### Directions
Would you copy the listing below exactly, keeping the pictures out?

### The data
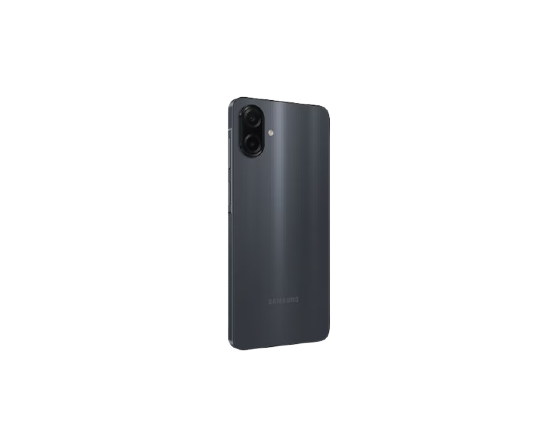 Samsung A07 black back view 2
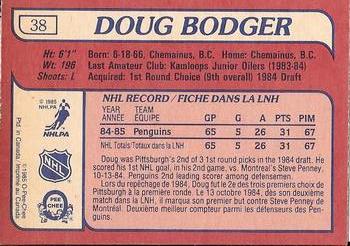 1985-86 Topps #38 Doug Bodger Back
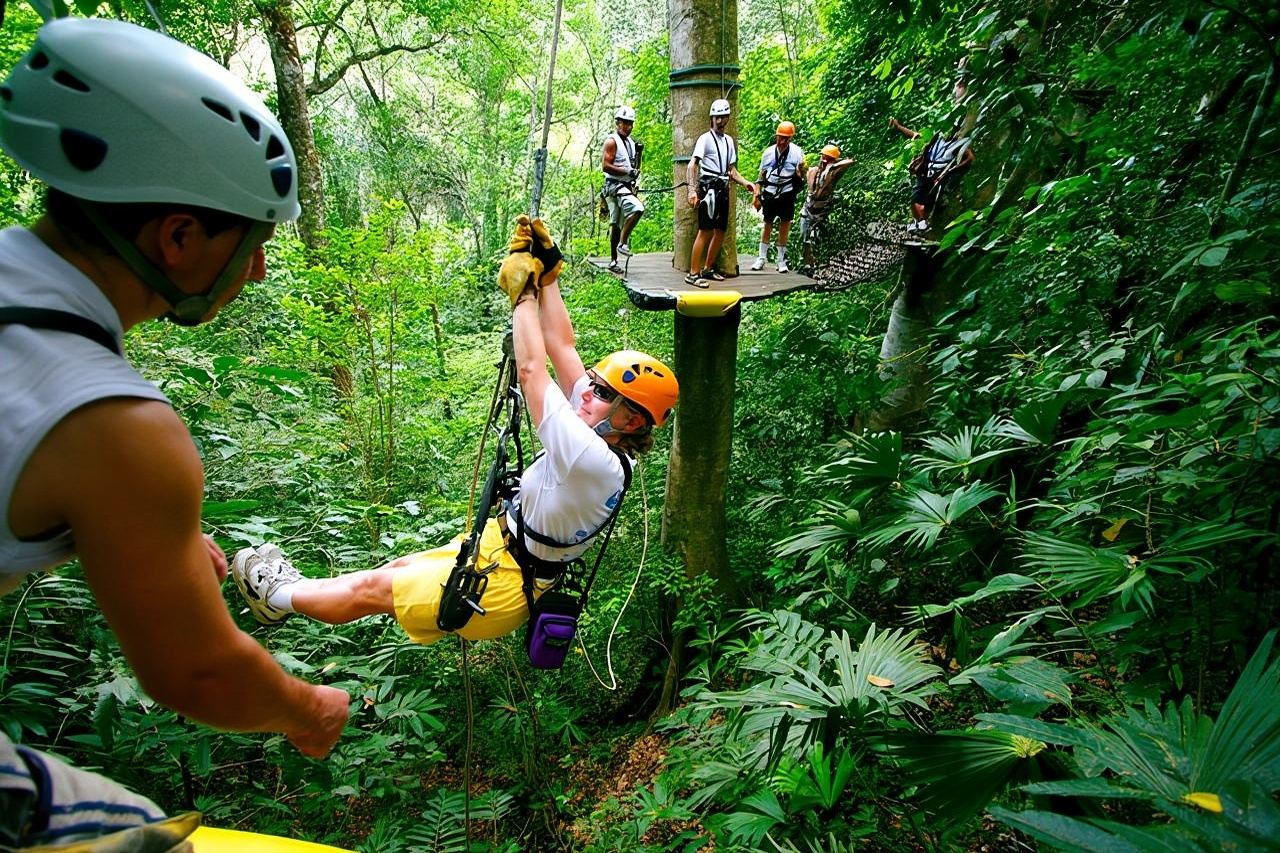 Abenteuer-Kombi-Tour: Zipline-Abenteuer und Kanäle von Tortuguero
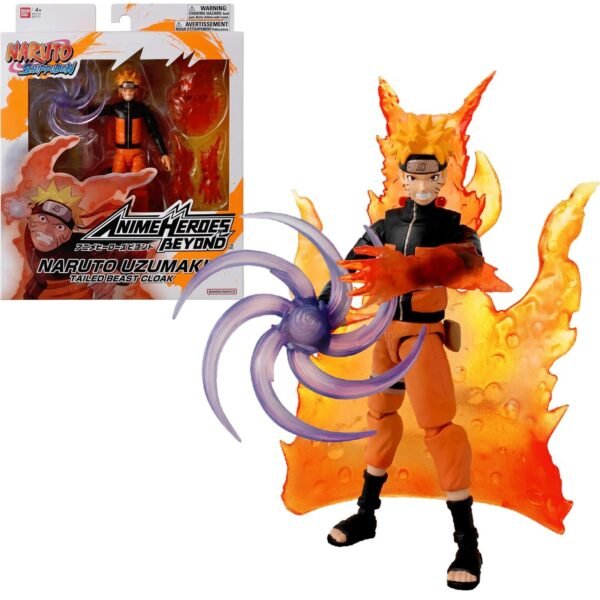 Naruto With Transf Effect Naruto Shippuden Action Figure Anime Heroes Beyond 17 Cm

### Worked solution
 Samsung A07 black back view 2
 1985-86 Topps #38 Doug Bodger Back
 Abenteuer-Kombi-Tour: Zipline-Abenteuer und Kanäle von Tortuguero
 Naruto With Transf Effect Naruto Shippuden Action Figure Anime Heroes Beyond 17 Cm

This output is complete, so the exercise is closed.